International Data Corporation (IDC) estimates that between April and June of this year, Apple sold a whopping 3.6 million units of the Apple Watch.
That's fully 20 percent of the wearables market.
Apple is second only to Fitbit, which sold 4.4-million much lower priced, and lower margin, units.
This should scare the pants of any company competing in the wearables market.
With the launch of Apple Watch, the company appears on track to do what it did in the smartphone and tablet industry - capture the high end of the market and, with it, the vast majority of the industry's profits. This is bad news for Fitbit and the other gadget makers who hope to earn money from this industry.

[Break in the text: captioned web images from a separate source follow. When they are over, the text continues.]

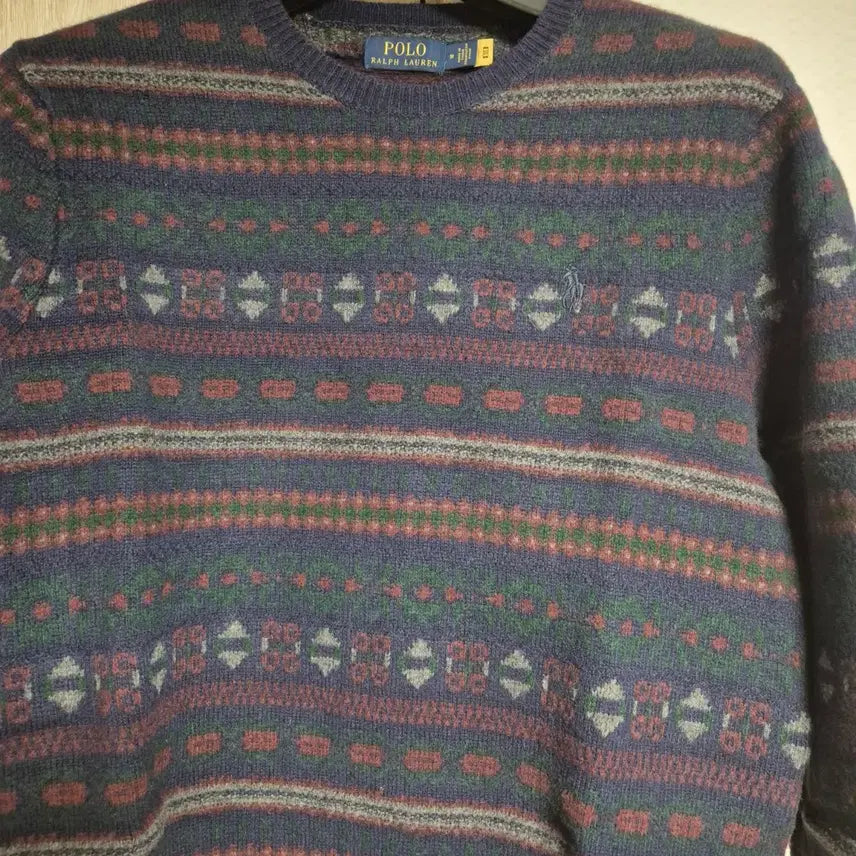 [BUNJANG] Polo Ralph Lauren Fair Isle Knit M / 폴로 랄프로렌 페어아일 니트 m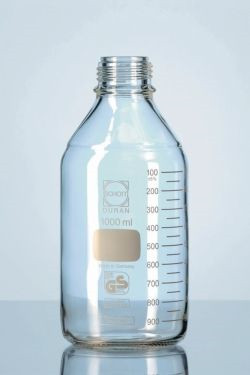 Premium bottle 100 ml, DURAN® graduated, PP w/o screw cap, GL 45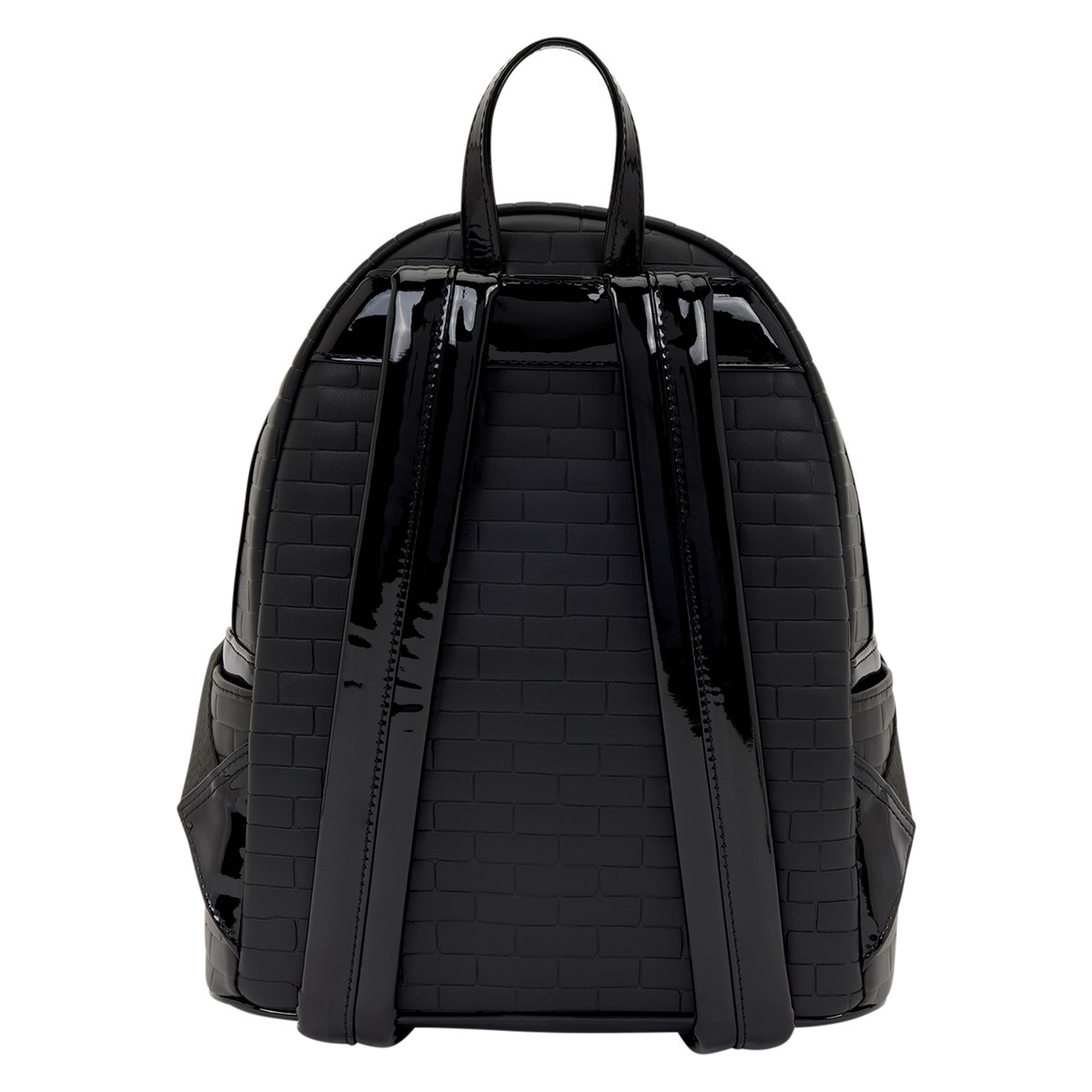 Back of the Dracula stained-glass mini backpack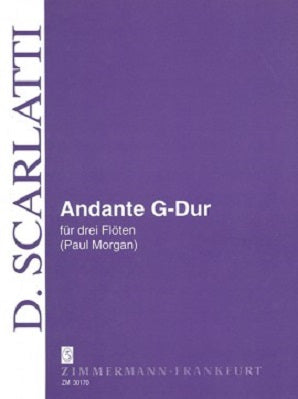 Scarlatti - Andante G major for three flutes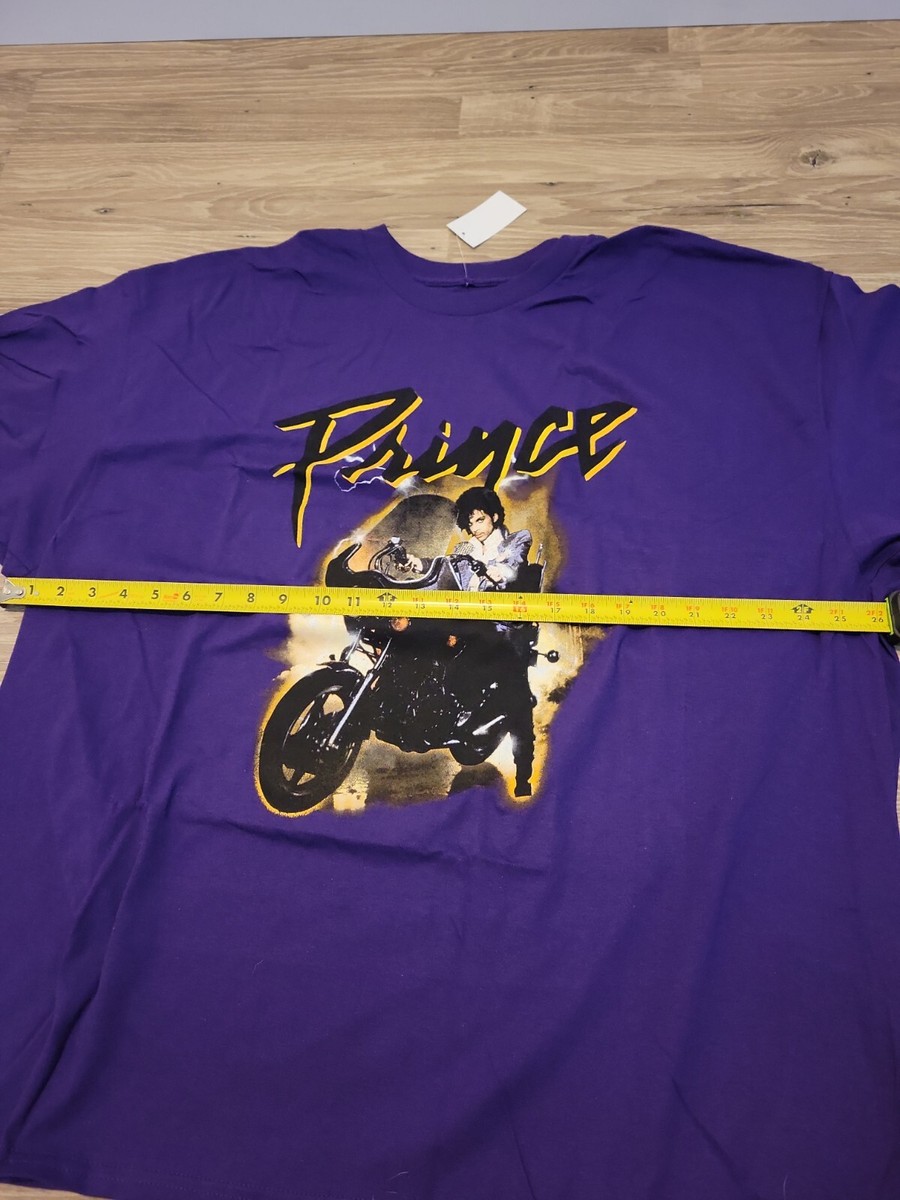 New Men's 3XL Big & Tall Authentic Prince on Motorcycle Purple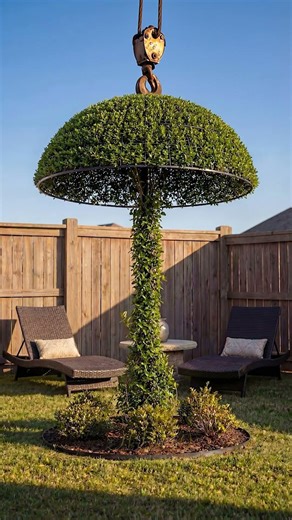 Backyard Tree Transforms Into Perfect Living Umbrella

“Anytime Apple enters a new market, not only does it draw attention to itself, but to the market as a whole,” says Ramon Llamas, who was the lead author of the report. “Its participation benefits multiple players and platforms within the wearables ecosystem, and ultimately drives total volumes higher. Apple also forces other vendors – especially those that have been part of this market for multiple quarters – to re-evaluate their products and experiences.”
Yet what Llamas doesn't mention is the fact Apple sucks the profits out of entire industries. Others, like Google and Samsung, sell many more units but its Apple who takes the profits - up to 80 percent in the smartphone industry.
So while Apple’s entry can have a halo effect for companies like Google or Fitbit its likely that those companies will see precious little of the industry's profits.